HIG Capital Cashes Out of Celebrity Jewelry Brand After 130% Revenue Surge
Briefly

HIG Capital sold its majority stake in The GLD Shop to MarcyPen Capital Partners, achieving 130% revenue growth over four years. The Miami-based firm expanded GLD's product offerings and forged partnerships with major sports leagues. HIG also acquired Canadian mobile fuel delivery company 4Refuel for CAD 400 million. This dual approach of investing in high-growth consumer brands while maintaining steady industrial services illustrates HIG's strategic investment framework, emphasizing their focus on brand scaling and market adaptability.

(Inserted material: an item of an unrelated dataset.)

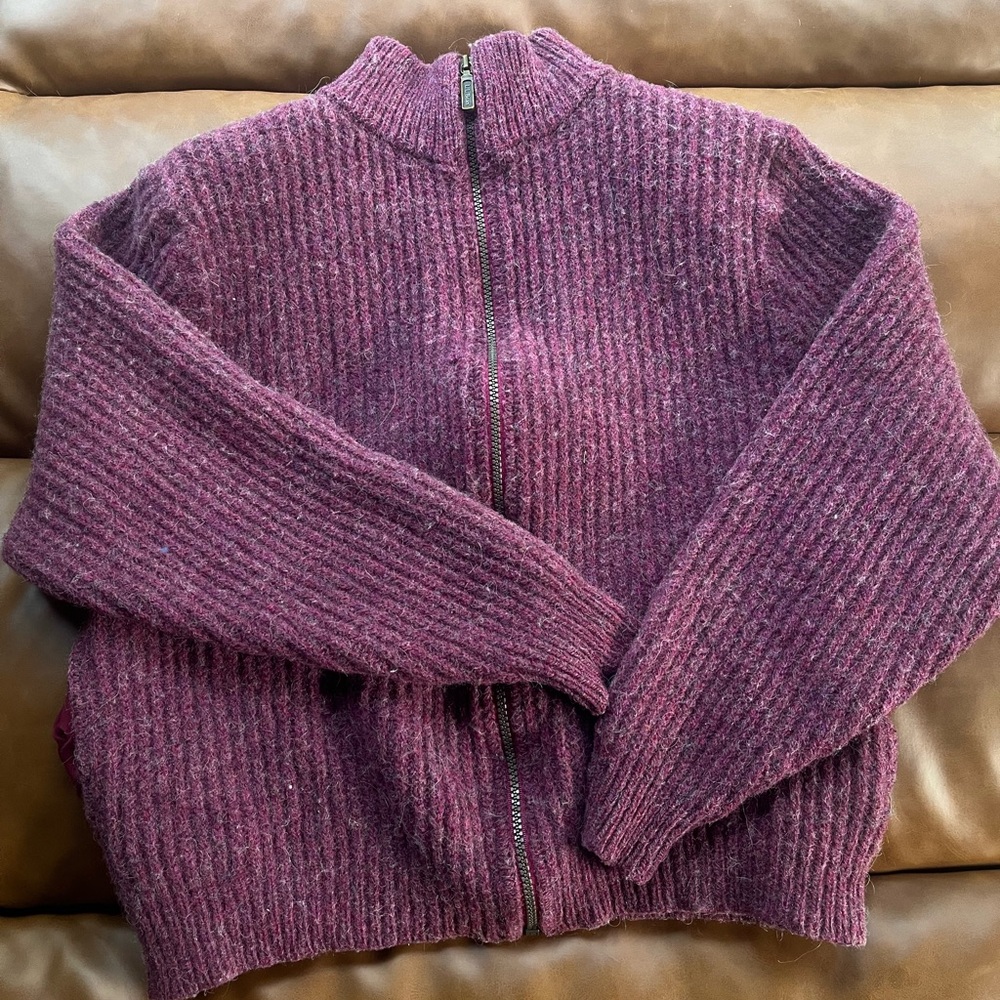 L.L. Bean Full-Zip Ribbed Sweater in Plum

HIG Capital's sale of the majority stake in The GLD Shop to MarcyPen Capital Partners signifies a successful investment, achieving 130% revenue growth during the four-year period.
Under HIG's guidance, GLD expanded its product offerings and secured licensing deals with major sports leagues, effectively turning celebrity endorsements into a core marketing strategy.
The contrasting July transactions, involving the sale of a high-growth consumer brand and acquisition of an industrial services business, highlight HIG's strategic investment approach.
Evan Karp noted that GLD’s evolution was part of the aligned vision with founder Christian Johnston and the management team since their initial investment.